Agents de sécurité : caractère discriminatoire d’un refus d’embauche fondé sur la nationalité (Cass, crim, 2 janv. 2009, ARES France) par S. PREUSS-LAUSSINOTTE

Publié le 08 février 2009 par Combatsdh

La Cour de cassation a confirmé l’arrêt de la Cour d’appel retenant la discrimination pour refus d’embauche fondé sur la nationalité (articles 225-1 et 225-2, 3°, du code pénal ) à l’encontre d’une Société de surveillance privée ayant “publié une offre d’emploi d’agents de sécurité, demandant aux candidats de fournir, notamment, une carte d’électeur ; qu’un ressortissant béninois a pris l’attache de l’entreprise et reçu l’indication que son dossier serait rejeté s’il ne possédait pas la nationalité française

Cass. crim, 20 janvier 2009, N° de pourvoi: 08-83710, Sté privée surveillance ARES France 

Lettre Droits-libertés par Sylvia PREUSS-LAUSSINOTTE

Dans ses attendus la chambre criminelle retient:

Attendu que, pour déclarer les prévenus coupables des faits poursuivis, non pas sur le fondement de l’article 225-2, 3°, du code pénal, visé à la prévention, mais par référence au 5° de ce même texte, qui réprime le fait de subordonner une offre d’emploi à une condition fondée, notamment, sur la nationalité, les juges, après avoir soumis cette requalification à la discussion contradictoire des parties, retiennent que les intéressé ont procédé à la diffusion d’une offre d’emploi pour laquelle était exigée la présentation de la carte d’électeur du candidat, alors que le droit de vote n’est accordé qu’aux nationaux et, dans une certaine mesure, aux ressortissants de l’Union européenne et qu’ainsi ladite offre était subordonnée à une condition de nationalité, constitutive d’une discrimination prohibée ; qu’ils ajoutent que Philippe X… a manifesté la conscience qu’il avait du caractère discriminatoire du critère de nationalité ;

Attendu qu’en l’état de ces motifs, la cour d’appel, sans excéder les limites de sa saisine, a caractérisé en tous ses éléments, tant matériels qu’intentionnel, le délit dont elle a déclaré le prévenu coupable

Cass. crim, 20 janvier 2009, N° de pourvoi: 08-83710, Sté privée surveillance ARES France 

Compléments:

  • A noter que la HALDE avait rendu dans une autre affaire une recommandation sur le caractère discriminatoire de la condiiton de nationalité des personnels de surveillance dans les casinos (Délib. Halde no 2007-48, 5 mars 2007).
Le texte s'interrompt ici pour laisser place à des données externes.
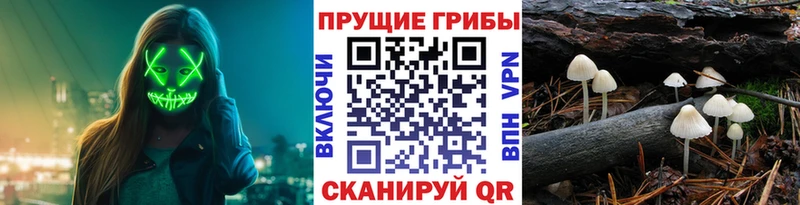 Галлюциногенные грибы ЛСД  где найти   Вуктыл 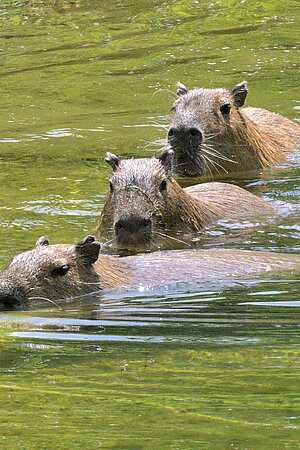 Capybaras sind im Wasser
Comme la recommandation a disparu du site de la Halde (encore une!), rappelons que :

la HALDE s’était saisie d’office, le 27 septembre 2006, d’une offre d’emploi émanant d’un casino pour un poste d’agent de sécurité posant comme condition explicite la possession de la nationalité d’un État de l’Union européenne ou de l’Espace économique européen.

Le recruteur justifiait cette exigence dans la mesure où elle résulte des termes de l’article 3 de la loi no 77-584 du 9 juin 1977 pour toute personne employée à un titre quelconque dans les salles de jeux. Or, l’annonce visait un emploi d’agent de sécurité pour assurer la surveillance « de l’entrée et des abords d’une salle de jeux ».

S’appuyant sur l’interprétation donnée par la direction des libertés publiques et des affaires juridiques du ministère de l’intérieur, qui considère que le terme de « salles de jeux » doit être entendu de manière restrictive, la Halde avait estimé que le personnel «n’exerçant pas habituellement dans l’enceinte même des salles de jeux » ne saurait être soumis à la condition de nationalité mais aux dispositions de la loi du 13 juillet 1983 relative à la réglementation des activités privées de sécurité, qui ne pose pas une telle condition.

Le collège de la Halde décide donc de rappeler au directeur du casino les termes des articles 225-1 et 225-2 du code pénal qui interdisent de subordonner une offre d’emploi à un critère discriminatoire tel que l’appartenance à une nation.

  • On peut aussi signaler la décision de la CJCE, 13 déc. 2007, aff. C-465/05, Commission c/ Italie.